+++ Data section

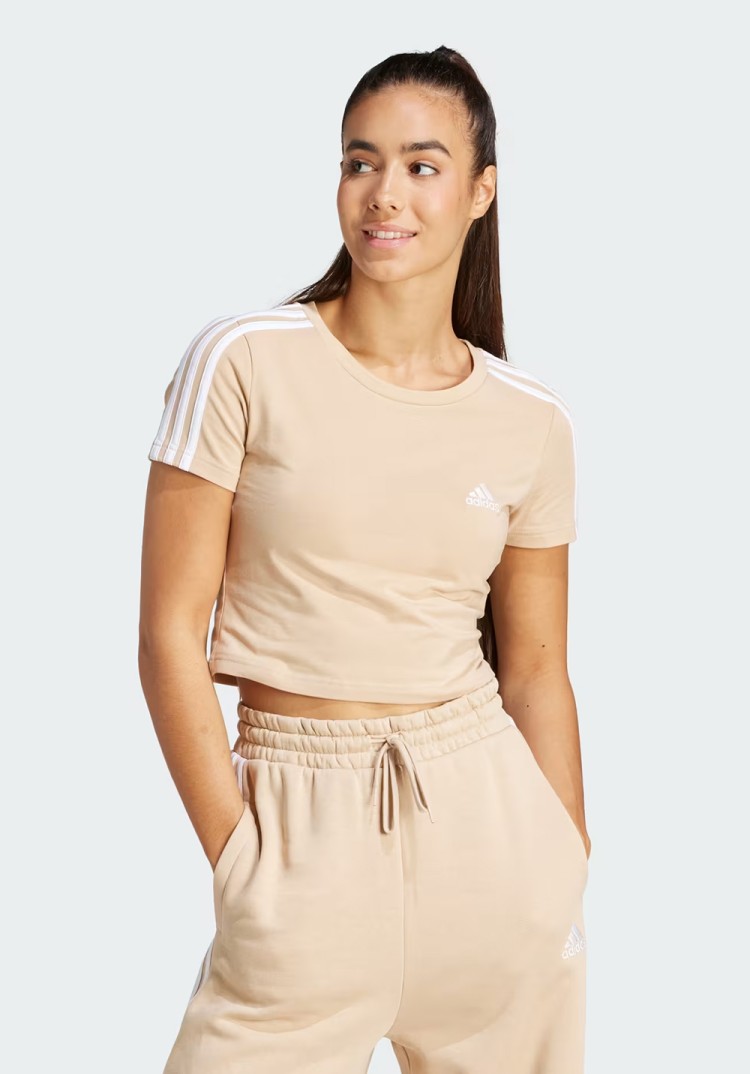 Футболка женская Adidas W 3S BABY T бежевая IR6114 изображение 2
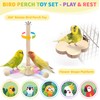 VOXGET Bird Stand Perch Toy Set for Cage, Parrot 360°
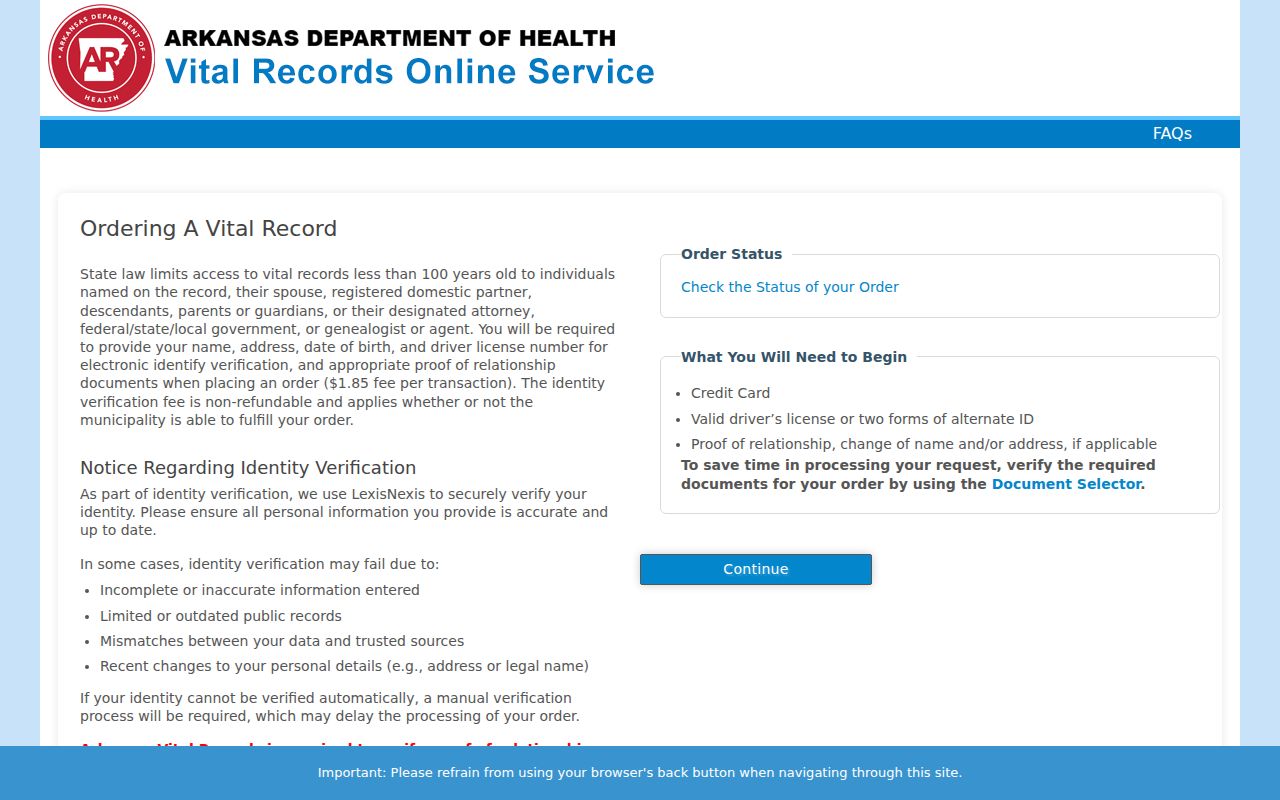 Arkansas vital records online ordering wizard for Jonesboro certificate requests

++++++

[What the task requires]
An exact repeat of all the data is required, pictures excluded.

[Final answer]
 Футболка женская Adidas W 3S BABY T бежевая IR6114 изображение 2
 VOXGET Bird Stand Perch Toy Set for Cage, Parrot 360°
 Arkansas vital records online ordering wizard for Jonesboro certificate requests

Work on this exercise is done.